My first impression was that this piece was contrived. Albom relies on stock characters: Eddie is a widower with a knee blown out in the war; his beautiful wife, the only person who ever understood him, died young; his abusive father couldn’t appreciate his sensitive nature; his mother loved him but couldn’t stand up to his father; etc. For the price of lackluster characterization, Albom buys immediate familiarity and compassion on the part of his readers, enabling him to jump right into the story.

Much of the dialogue is predictable. A few lines are just bad; take this one, for example: “‘Strangers,’ the Blue Man said, ‘are just family you have yet to come to know.” What?

This is the kind of story writing coaches are trying to prevent when they insist on “show, don’t tell.” It is overwhelmingly moralistic, even the dedication, which includes Albom’s pronouncement that “everyone has an idea of heaven, as do most religions, and they should all be respected.” In case you somehow missed the moral, Albom comes right out and states in the last sentence of the epilogue that “the secret of heaven” is that “each affects the other and the other affects the next, and the world is full of stories, but the stories are all one.”

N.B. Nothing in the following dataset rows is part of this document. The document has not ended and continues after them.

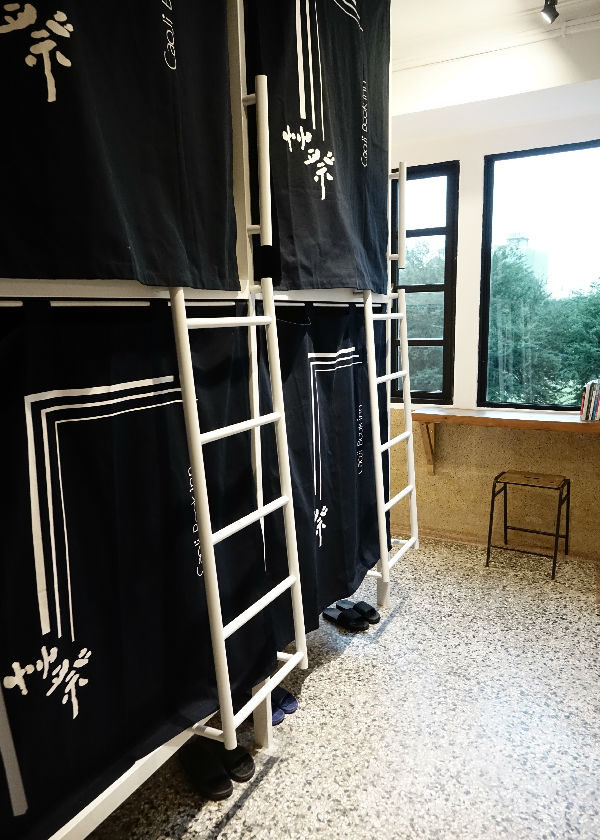 好朋友四人房裡的一張床 Bed in All-Gender 4-Bed Dorm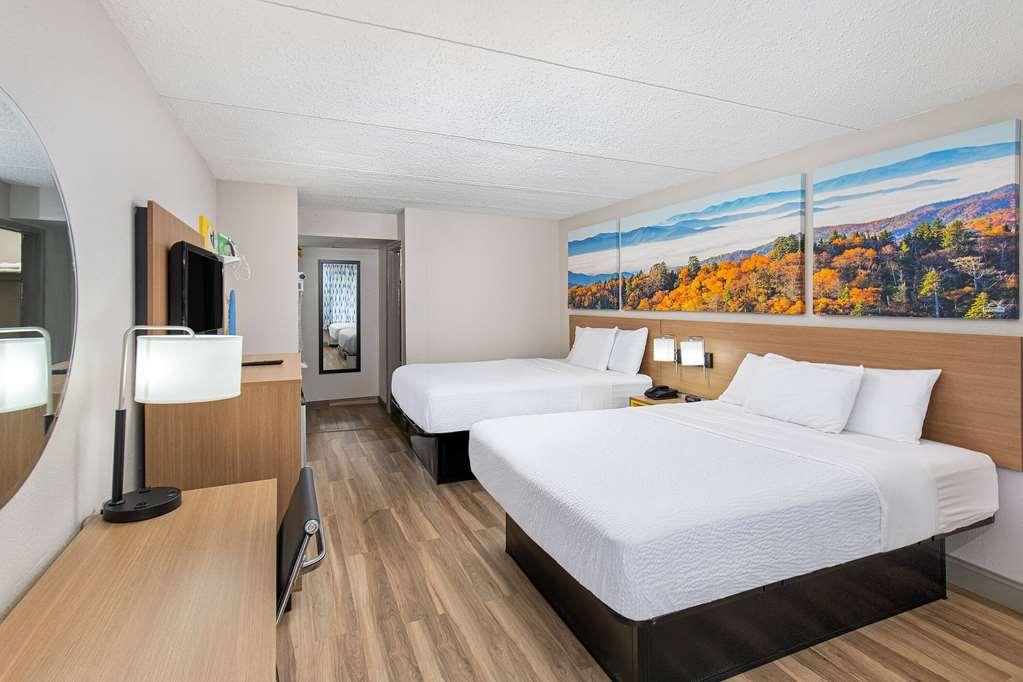 Days Inn By Wyndham Knoxville North Powell Room photo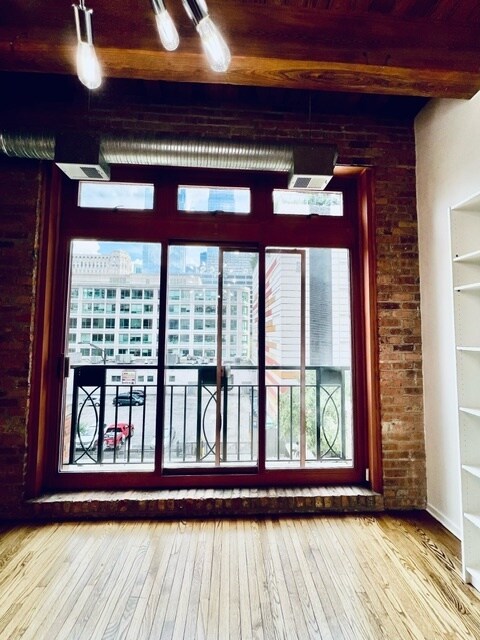 Building Photo - 360 W Illinois St
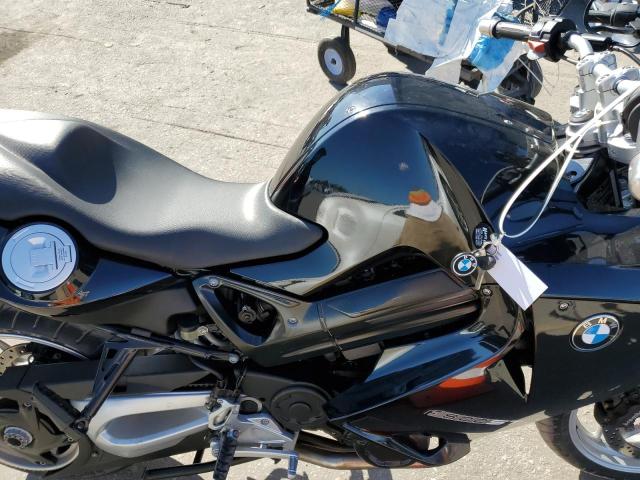 WB102440XBZR12707 - 2011 BMW F800 ST BLACK photo 5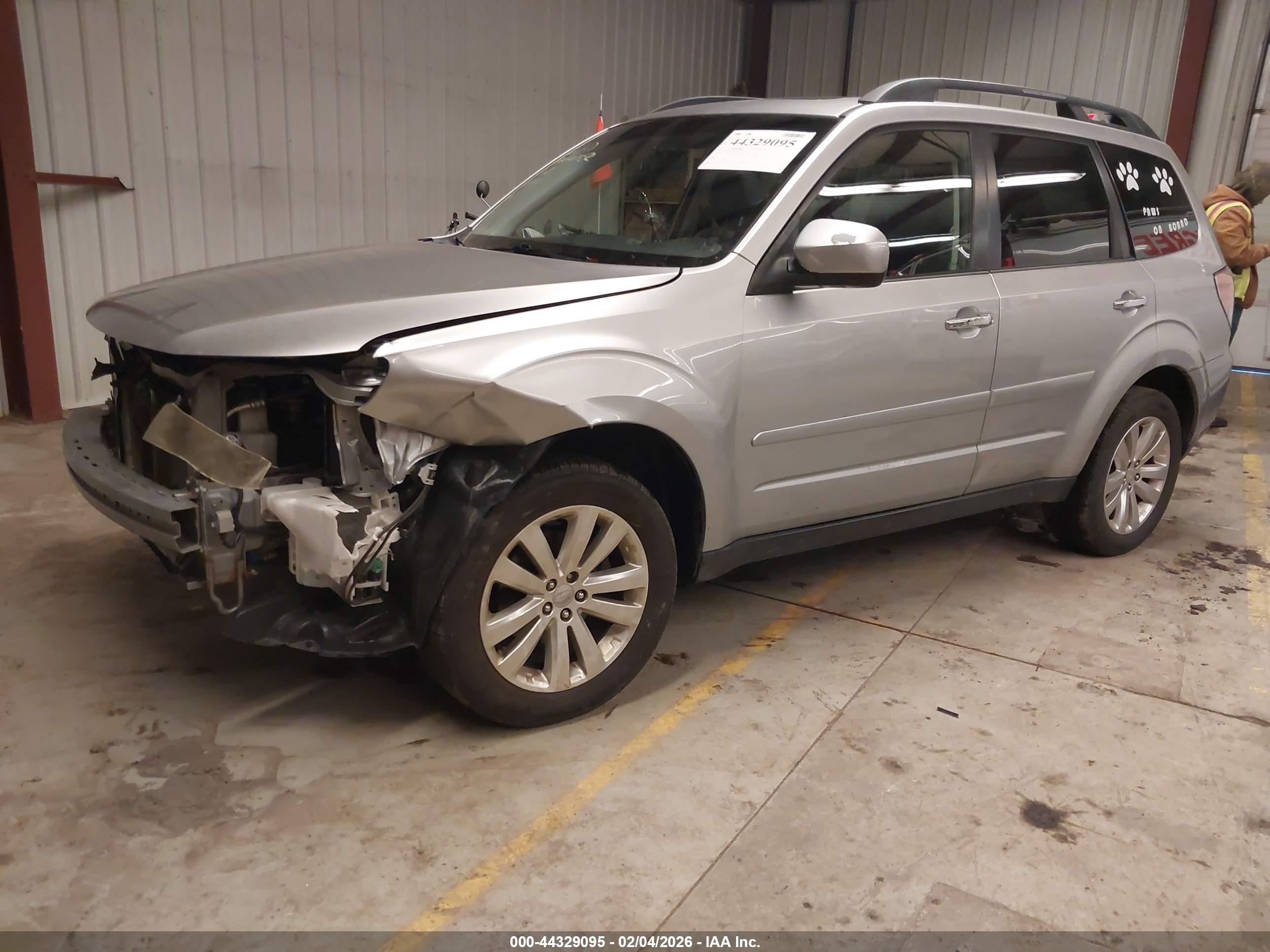 SUBARU FORESTER image 2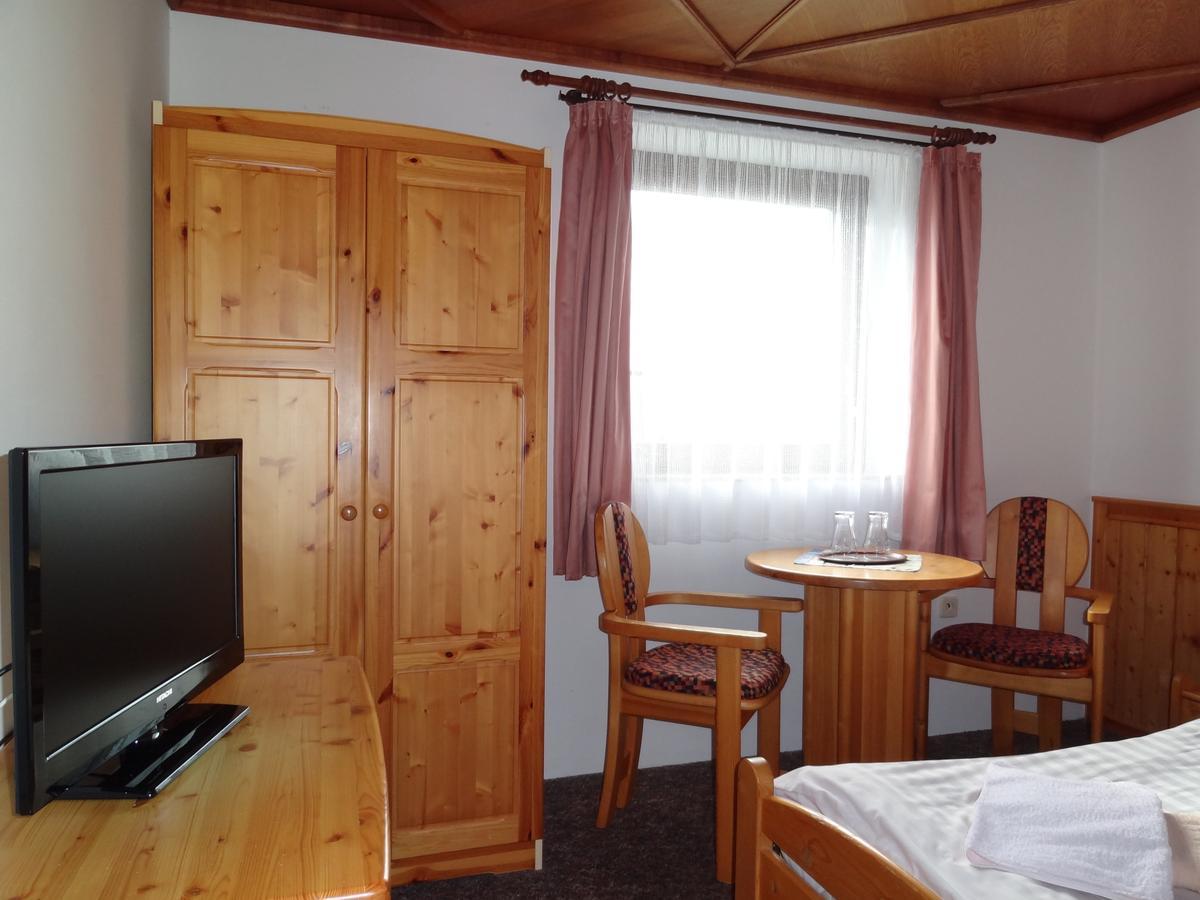 Pension Arnika Destne v Orlickych horach Oda fotoğraf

A fine specimen of literature this is not. However, somewhere in the middle of reading, I realized I appreciated Albom’s purpose. Eddie is everyman; his life hasn’t gone exactly as he planned. “Something stepped in front of him, blocking his way, until in time he gave up on things, he gave up studying engineering and he gave up on the idea of traveling. He sat down in his life. And there he remained.” We know Eddie; we have compassion on him; we want his story to have a happy ending. At the end of his life, he wants to know that he contributed, that his life had purpose. It is one of the most universal of hopes.

Questions:
How does what Eddie learns about his purpose compare to biblical teaching about our identity and value?
What value does Albom’s moral have for everyday life?
How does this book compare with Albom’s first hit, Tuesdays with Morrie? (I haven’t read it.)